You can bricklay an inexpensive wood into roughly the final shape, shape it with chisels, router, carving tools or whatever you have on hand, then veneer the pieces using hot hide glue and hot sandbags to hold the veneer as it cools to stay conformed to the curves. Veneer joints can be strategically placed in inconspicuous locations. Might be difficult to get the veneer into the tight curves. You’ll have to be clever about strength and grain directions. I have veneered curves using sand bags and hot glue, and it works surprisingly well, though I’ve not done curves as intricate as these.
Doubt it’s carved from one block of wood. The grain will not hold if it was carved - too many cross grain sections and runout’s, so some kind of bending would have been necessary.
¼ inch plywood can be coaxed into bending with steam. Good quality veneer core plywood probably will not delaminate if steamed just enough to bend. You could make molds out of MDF. Edge treatments can be glued and trimmed by hand. I’ve bent ¼ oak veneer plywood with hot water, but again not into such tight curves.
Solid wood would also work: ¼ or 1/8 inch pieces laminated but not glued to make a ¾ inch piece, bent over the molds after soaking in hot water, then clamped in place to dry. They will hold a shape reasonably well after they dry, then you can clamp and glue them. The first bending eliminates all the wetness when you glue. Strategically placed sandbags will hold the pieces in place, or you could use the off cuts from the pattern build.
Take your wife to Vegas instead. You might win enough to buy it.
Best of luck. It looks like a real challenge.


----------



## Greg in Maryland (Jan 6, 2011)

Make sure you get some new tools out of the deal ....


----------



## Brink (Nov 22, 2010)

Can't buy it, it's in a museum.

The new tools idea I like lots.


----------



## LIHR (Feb 23, 2011)

Vacuum formed 1/16" veneer layers using a mold.


----------



## Kirkus (Dec 19, 2010)

My only suggestion would be you better get started. :yes:


----------



## Leo G (Oct 16, 2006)

LIHR said:


> Vacuum formed 1/16" veneer layers using a mold.

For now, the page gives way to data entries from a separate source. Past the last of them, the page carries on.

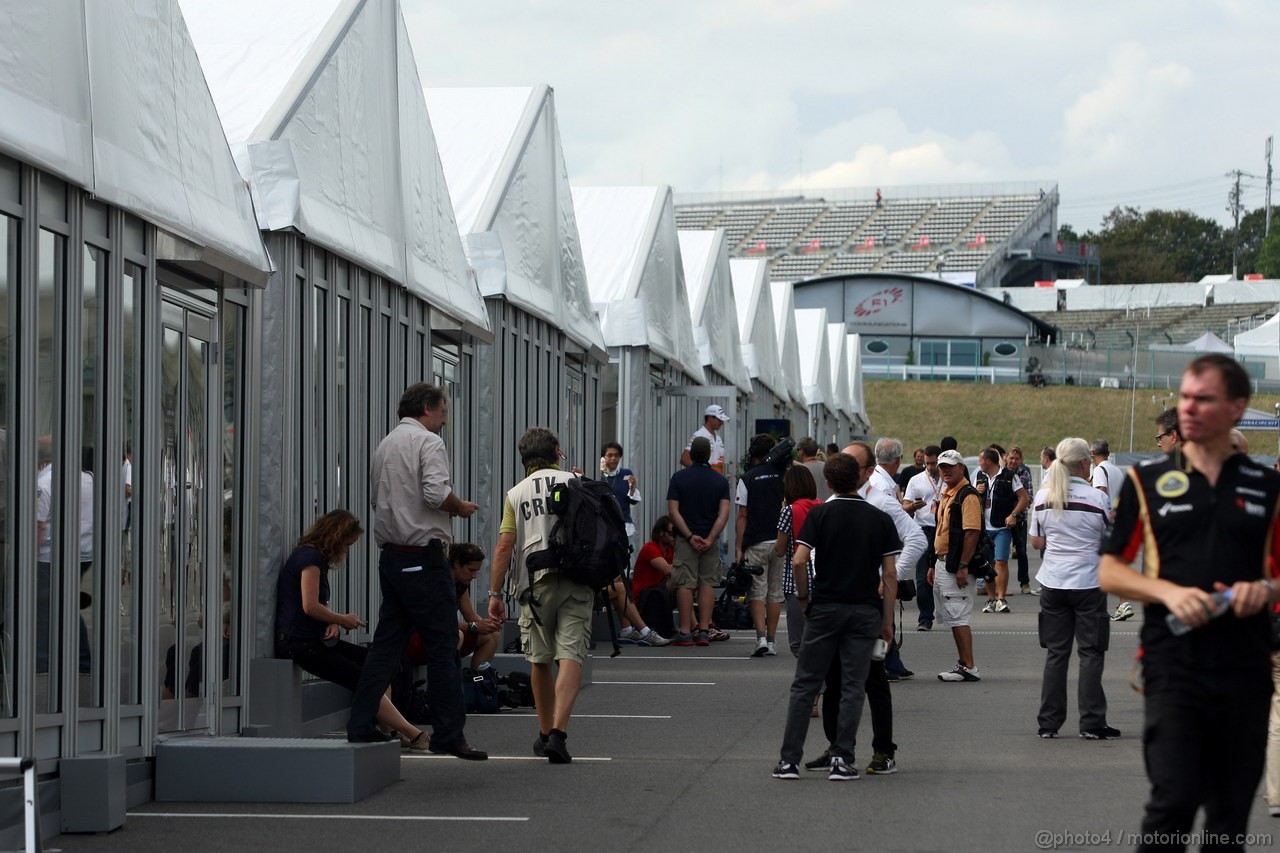 GP GIAPPONE, 10.10.2013- Paddock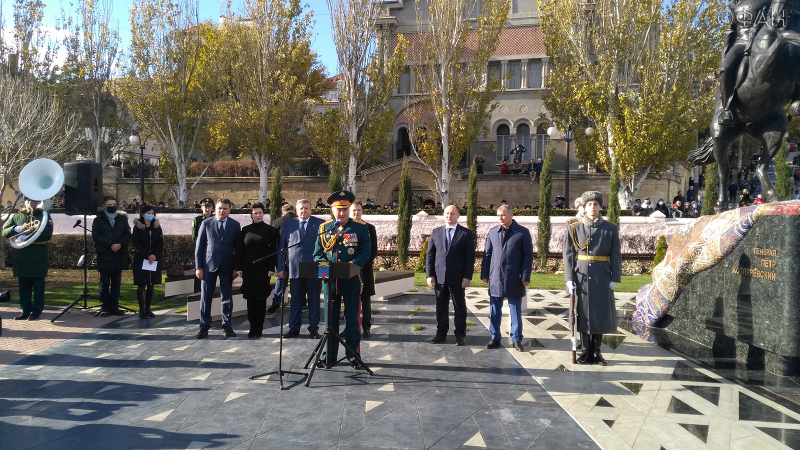 В Крыму открыли памятник легендарному русскому генералу Котляревскому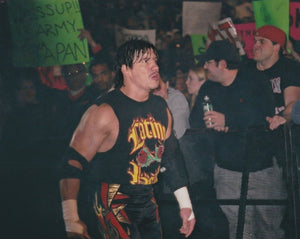 Eddie Guerrero 8x10 Photo – WWF Raw Boston 10/30/2000 (Original Arena Shot)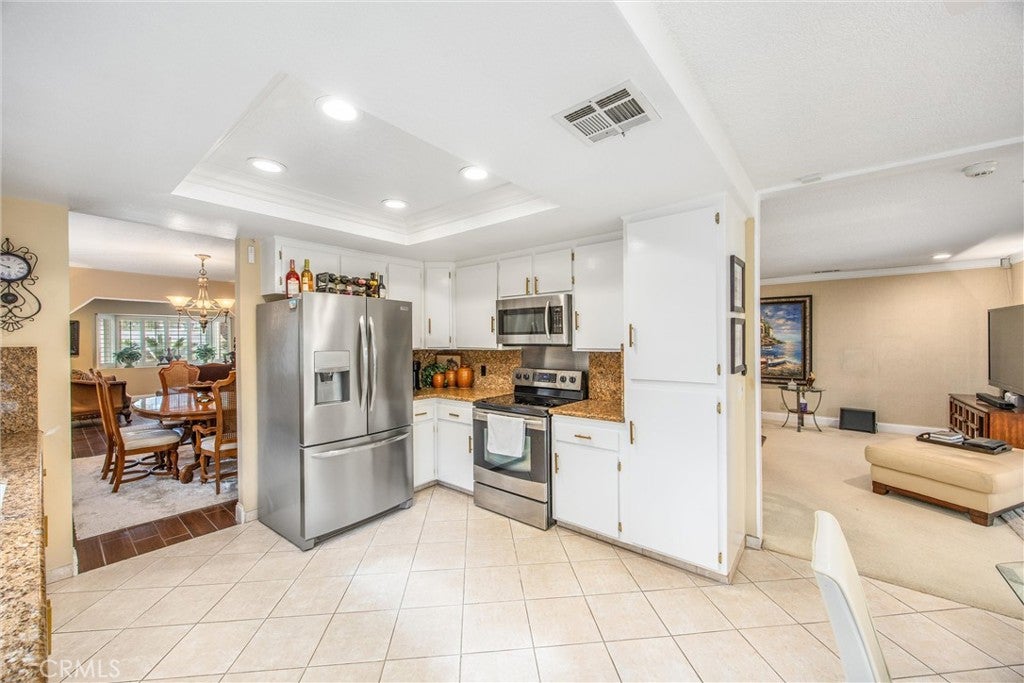 2401 Northmoor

Yep. Looks to be just about 1/2" thick. Looks like you can use some low quality materials for the interiors and one nice outer sheet. you are going to spend a lot of time just making the mold for the vacuum to wrap around. 

I would say this is a project that you need to make many of and possible sell them. Make it different enough so you are not making an exact copy.


----------



## Sleeper (Mar 24, 2009)

Brink said:


> find one big block and carve away everything that doesn't resemble a chair.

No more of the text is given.